The film also delves into social-emotional learning, a program for “rewiring brains” that whistleblower teacher Jennifer McWilliams calls a “gateway drug to graphic sex ed.” She was fired after sharing information about the SEL program her school was teaching to second-graders.
“They told me it was ‘making the school look bad,’” McWilliams says in the film.
Learn more about the film and its producers on the Fearless Features website.
- Family and friends are mourning the passing – and celebrating the life – of conservative leader Kelly Canon of Tarrant County.
- As an activist, Kelly is best known for leading a successful grassroots effort to ban red-light cameras in her home city of Arlington. Yet her activism spanned more than a decade of local and state political involvement.

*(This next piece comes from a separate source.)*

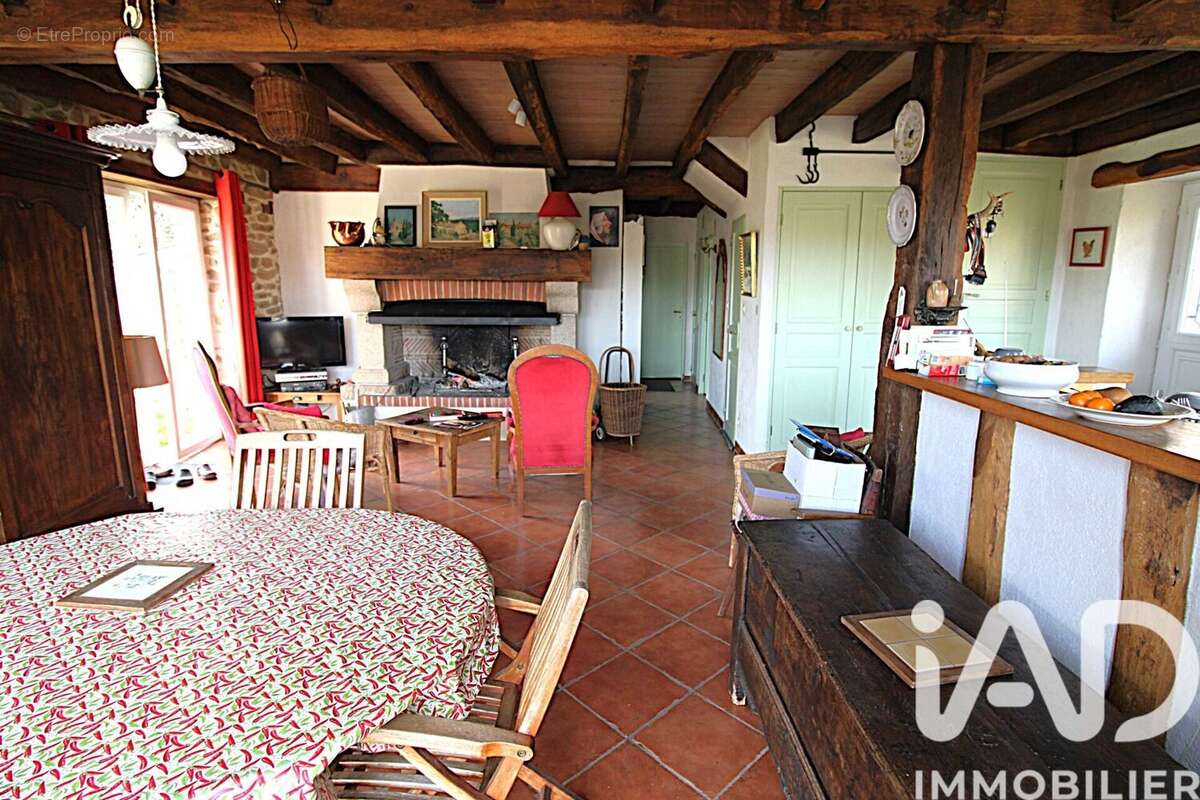 Maison 109 m² à Thauron  - photo 6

- In 2014, Kelly was recognized by her peers with one of the first Texas Conservative Leader Awards, but she didn’t rest on her laurels. Kelly continued to fight for and inspire her fellow Texans.
- “I have fought a good fight, I have finished my course, I have kept the faith.”
– 2 Timothy 4:7
Austin Judge Faces Backlash
- Associate Judge Christyne Harris Schultz is under fire for making it easy for a repeat child sex predator to go free after his latest arrest involving a 14-year-old he bused in from Kentucky. Jacob Asmussen has the horrifying details.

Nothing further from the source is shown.